Dataset records:

--- --- ---

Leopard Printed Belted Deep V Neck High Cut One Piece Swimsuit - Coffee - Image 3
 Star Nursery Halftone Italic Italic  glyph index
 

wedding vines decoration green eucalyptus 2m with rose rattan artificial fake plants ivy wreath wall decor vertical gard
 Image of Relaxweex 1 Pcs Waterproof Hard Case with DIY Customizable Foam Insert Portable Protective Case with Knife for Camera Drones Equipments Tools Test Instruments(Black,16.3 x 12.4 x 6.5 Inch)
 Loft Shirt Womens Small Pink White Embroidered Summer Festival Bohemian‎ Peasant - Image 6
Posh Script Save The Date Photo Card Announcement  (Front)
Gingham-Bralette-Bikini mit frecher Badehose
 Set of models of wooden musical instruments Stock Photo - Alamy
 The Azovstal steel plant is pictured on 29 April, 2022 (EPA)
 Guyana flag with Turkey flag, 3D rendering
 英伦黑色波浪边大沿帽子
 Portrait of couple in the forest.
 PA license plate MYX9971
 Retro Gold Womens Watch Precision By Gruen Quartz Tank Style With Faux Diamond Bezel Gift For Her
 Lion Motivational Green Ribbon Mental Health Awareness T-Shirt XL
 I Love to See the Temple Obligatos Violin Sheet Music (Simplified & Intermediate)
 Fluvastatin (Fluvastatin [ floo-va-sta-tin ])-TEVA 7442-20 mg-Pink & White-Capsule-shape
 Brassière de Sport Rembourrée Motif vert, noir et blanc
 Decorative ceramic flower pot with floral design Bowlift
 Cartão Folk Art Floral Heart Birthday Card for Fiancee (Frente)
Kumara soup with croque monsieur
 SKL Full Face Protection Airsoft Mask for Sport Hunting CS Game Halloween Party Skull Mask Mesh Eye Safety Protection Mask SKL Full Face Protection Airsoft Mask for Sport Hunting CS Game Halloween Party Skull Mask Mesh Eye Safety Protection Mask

--- --- ---

What needs to be done:
All lines above in which the word "Image" occurs should be identified and copied.

Response:
Leopard Printed Belted Deep V Neck High Cut One Piece Swimsuit - Coffee - Image 3
 Image of Relaxweex 1 Pcs Waterproof Hard Case with DIY Customizable Foam Insert Portable Protective Case with Knife for Camera Drones Equipments Tools Test Instruments(Black,16.3 x 12.4 x 6.5 Inch)
 Loft Shirt Womens Small Pink White Embroidered Summer Festival Bohemian‎ Peasant - Image 6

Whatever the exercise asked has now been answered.